Foam blocks are easier…
…and work at least as well. You can see examples in my “Kayak Outfitting” album at:
http://community.webshots.com/user/brian_nystrom-reg
There are three pages to the album, so be sure to check them all.
attached?
How is the foam attached-adhesive?
My thought on the bungee approach was lower profile within an LV cockpit.
one hand
You can get the pump in and out with one hand in a foam mount. Bungee takes two. (if that matters to you)
I think I remenber…
…that the folks at Kayak Academy out in Washington State outfit their boats with bungee cord under deck pump mounts by drilling four small holes in the deck. Anyone familar with this?
requires foam bulkhead
the foam mount per Brian’s photos does require the personalized foam bulkhead footrest installation and stock footrest removal. Something may be I’ll do at some point.
not necessarily
You can simply stick two pieces of foam under the deck to mount a pump like brian shows. No need for a full foamed bulkhead.
Adhesive for D rings
If you go the Northwater D ring on vinyl pad route, Marine Goop works fine for a composite boat. I’ve had a set like that glued into one of my boats for years. Unlike epoxy, if you ever change your mind for some reason, they’re removable without resorting to a grinder.
Safety?
After looking over all the suggestions and options, I'm thinking that Brian's foam set-up might be a safer set-up for unplanned wet exits or re-entry and rolls (which I can only do with a paddle float thus far). After thinking about a bungee D ring set-up, the bungee will not be tight against the fiberglass as it is on the outside of the boat. There will be a gap as it hands down a bit, dependent on the D ring size. That gap might be concerning.
The hanging foam in Brian's set-up could probably easily break off if needed in an emergency.
FYI - I did not mention in my initial post that having 2 low volume boats means the pump can not be stowed between the seat and hull. I no longer want it bungeed on the outside.
Exactly
While I do use the block and bulkhead combination in my own boats, the majority that I’ve outfitted have used two block. They’re easily installed using contact cement.
Correct
The absolute worst case scenario with the foam blocks is that you would kick one or both of them off in a panicked exit and have to find an alternative way to carry your pump for the rest of the trip. There is no way you can get hung up on them. Additionally, the pump is held high enough that it's actually difficult to hit it with your feet, especially since it's along the centerline of the deck.

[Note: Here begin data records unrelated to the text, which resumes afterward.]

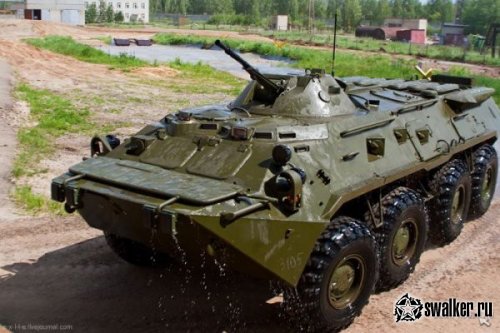 Завод по производству БТР, Нижегородская область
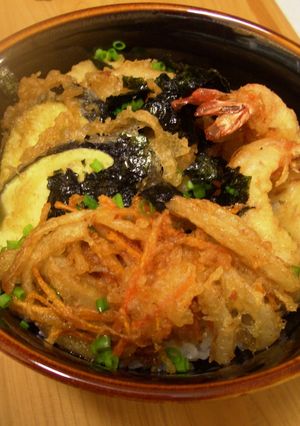 タレがおいしい 天丼-レシピのメイン写真
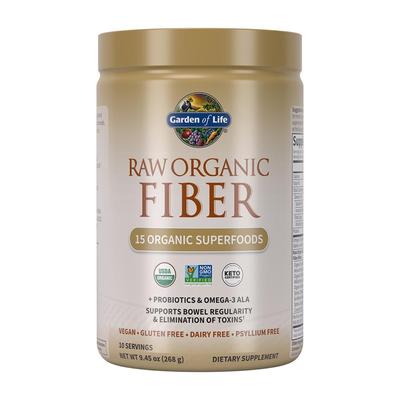 Rå Ekologisk Fiber 10 Portioner, 9,45 oz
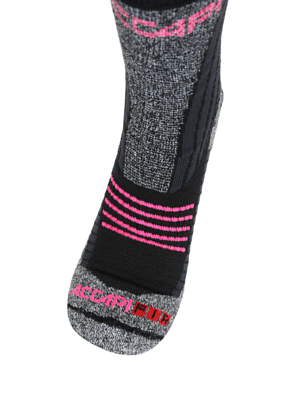 Носки Accapi Trekking Approach Fir Black/Fuxia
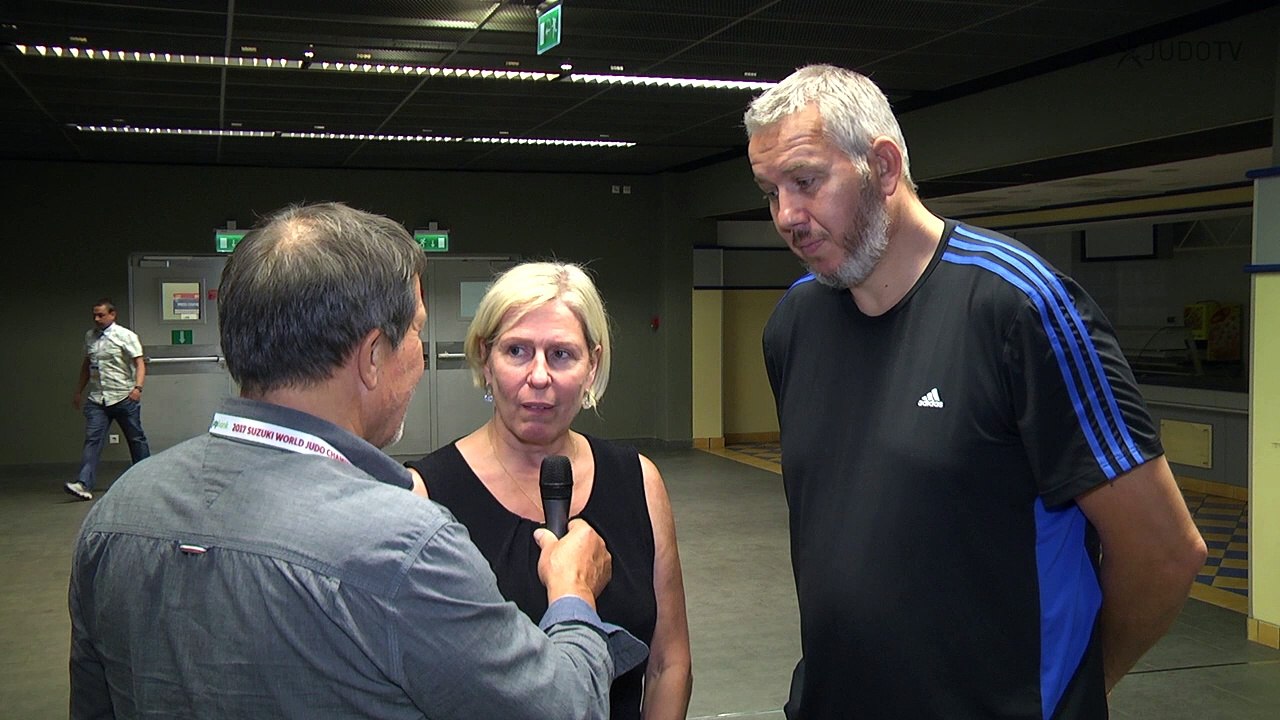 ITW SUPPORTERS : EVELYNE ET LAURENT - CHPT MONDE 2017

BTW, depending on the design of the seat and the pump in question, storage between the cheek plate and hull may still be possible in a low volume boat. I do that on both my Pintail and Anas Acuta.
ease of access
using foam blocks is a very accessible method for just the pump but there’s a way of anchoring a mesh bag or flat sheet of plastic with bungies through four anchor attachments that also works. The problem with just using bungies is that the pump doesn’t naturally slide under the bungies but if you have a flat surface for the end of the pump to slide against you can slide the pump up and in securely.
the method for securing bungies is with a 4" piece of 1" webbing folded over and epoxied to the underside. You get to that area but turning the kayak over, mark four 1 1/2"x1 1/2" areas that are sanded/roughed up with 60grit. Apply epoxy to 1" section of overlapped webbing and onto underside of deck. Position loop of webbing over sanded area and weight with platic covered brick. If the deck is peaked all this stuff will slide to the middle so you’ll need a couple plastic tape covered bricks in the middle holding things in place. When cured up attach your back/plastic sheet to the webbing.